Dialogue as a means of changing culture

[D]ialogue is a relationship-based approach that entails thinking and learning together. The starting point is listening in an agenda free conversation. It is a different space than any other; a chance for conversations that are not always possible because of fragmentation and potentially unhelpful barriers to communication, for example, the absence of respect, poor listening and difficulties associated with giving and receiving feedback.

Dialogue sessions provide opportunities for participants’ voices to be heard; for sharing ideas about how a team or organisation operates and how people behave. Dialogue works at many levels, from the individual, through the interpersonal to the organisational and systemic; it affects conversations and relationships beyond the sessions in untold ways. Dialogues provide a place to explore how things occur and how they might happen differently. It is here that cultural change can begin through working closely together to raise, explore and resolve real, live and pressing issues of concern.

A Dialogic approach can seem stripped back in many different ways. It may appear lacking in structure, form and process. Rather, it is emergent and evolutionary. It requires us to be in a space of ‘not knowing’ where curiosity is paramount, a space where we can suspend our judgments of others so that we can truly listen and learn from one another.

A dialogue space transcends hierarchy, there is no single leader, all are participating, all are learning, all are teaching. Extraordinary things can happen in a dialogue space that no one previously thought possible. It is a rare and hallowed space in which the experience of silence takes on a wholly different tone and feeling. There is a collective ‘sitting with’ phenomena as they arise, not forcing or driving issues to the surface.

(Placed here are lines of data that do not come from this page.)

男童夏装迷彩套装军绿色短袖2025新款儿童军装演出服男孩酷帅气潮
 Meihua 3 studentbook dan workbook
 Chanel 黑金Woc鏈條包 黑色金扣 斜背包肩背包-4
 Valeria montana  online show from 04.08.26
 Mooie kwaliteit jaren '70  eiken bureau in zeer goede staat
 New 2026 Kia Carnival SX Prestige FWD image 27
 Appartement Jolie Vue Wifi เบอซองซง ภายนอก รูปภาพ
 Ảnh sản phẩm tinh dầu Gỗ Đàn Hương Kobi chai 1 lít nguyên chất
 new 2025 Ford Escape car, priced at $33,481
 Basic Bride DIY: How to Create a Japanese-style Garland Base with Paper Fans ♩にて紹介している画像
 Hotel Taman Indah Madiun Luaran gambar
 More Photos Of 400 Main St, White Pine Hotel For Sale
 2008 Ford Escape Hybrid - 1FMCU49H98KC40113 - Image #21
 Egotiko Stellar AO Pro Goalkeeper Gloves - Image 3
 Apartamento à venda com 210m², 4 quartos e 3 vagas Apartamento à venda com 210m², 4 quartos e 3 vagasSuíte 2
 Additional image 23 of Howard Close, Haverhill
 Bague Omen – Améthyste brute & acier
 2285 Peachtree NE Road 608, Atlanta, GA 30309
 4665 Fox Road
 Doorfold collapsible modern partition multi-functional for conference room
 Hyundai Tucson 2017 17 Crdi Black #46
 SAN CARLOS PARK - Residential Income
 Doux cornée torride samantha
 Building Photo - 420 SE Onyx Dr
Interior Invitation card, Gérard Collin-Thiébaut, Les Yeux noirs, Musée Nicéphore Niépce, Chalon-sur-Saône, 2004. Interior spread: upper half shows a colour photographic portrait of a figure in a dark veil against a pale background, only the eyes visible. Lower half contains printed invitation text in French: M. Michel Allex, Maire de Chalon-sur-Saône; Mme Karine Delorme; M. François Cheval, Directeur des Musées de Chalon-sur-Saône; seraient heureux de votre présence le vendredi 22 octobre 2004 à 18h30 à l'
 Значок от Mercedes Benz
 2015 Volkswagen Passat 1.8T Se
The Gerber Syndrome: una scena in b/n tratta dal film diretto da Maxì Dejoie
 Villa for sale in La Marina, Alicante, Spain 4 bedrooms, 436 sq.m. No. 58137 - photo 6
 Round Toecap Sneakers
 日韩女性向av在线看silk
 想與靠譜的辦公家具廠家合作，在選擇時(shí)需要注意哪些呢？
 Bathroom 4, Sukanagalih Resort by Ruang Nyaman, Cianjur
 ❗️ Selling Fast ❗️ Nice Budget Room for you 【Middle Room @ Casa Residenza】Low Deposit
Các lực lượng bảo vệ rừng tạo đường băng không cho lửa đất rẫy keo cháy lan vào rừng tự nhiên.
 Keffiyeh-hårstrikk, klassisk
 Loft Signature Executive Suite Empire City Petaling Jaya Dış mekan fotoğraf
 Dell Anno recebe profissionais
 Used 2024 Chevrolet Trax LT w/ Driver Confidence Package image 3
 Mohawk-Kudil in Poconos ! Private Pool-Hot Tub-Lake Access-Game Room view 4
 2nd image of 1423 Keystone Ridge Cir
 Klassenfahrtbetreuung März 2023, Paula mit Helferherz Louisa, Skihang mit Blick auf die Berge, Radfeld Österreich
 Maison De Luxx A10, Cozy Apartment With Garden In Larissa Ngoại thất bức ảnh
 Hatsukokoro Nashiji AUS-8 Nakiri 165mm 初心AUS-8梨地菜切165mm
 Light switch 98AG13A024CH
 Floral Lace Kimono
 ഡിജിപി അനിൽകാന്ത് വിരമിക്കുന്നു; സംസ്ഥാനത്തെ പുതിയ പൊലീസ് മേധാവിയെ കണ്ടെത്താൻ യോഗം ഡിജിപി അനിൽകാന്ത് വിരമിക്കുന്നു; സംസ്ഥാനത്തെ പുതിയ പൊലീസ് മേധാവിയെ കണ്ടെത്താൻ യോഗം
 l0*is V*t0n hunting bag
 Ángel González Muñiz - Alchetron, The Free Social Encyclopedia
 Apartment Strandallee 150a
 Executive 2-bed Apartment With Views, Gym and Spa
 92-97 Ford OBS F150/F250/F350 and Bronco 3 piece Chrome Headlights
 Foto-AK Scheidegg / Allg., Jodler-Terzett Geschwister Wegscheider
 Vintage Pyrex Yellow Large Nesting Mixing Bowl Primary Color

It may seem incredulous that something so stripped back, apparently so simple could really provide a mechanism for changing culture. Yet, it is possible, it really is! And never more so, than when it is fully integrated into other approaches and change processes. Somehow it is easy to forget the ancient practice of sitting together in a simple circle joined together in harnessing the collective intelligence that resides in all human systems. This is a call out to remember the power of thinking and talking together as part of any change effort we are involved in. Simply create a circle of chairs, gather people together and open up the possibility for some agenda free conversation to see what might emerge.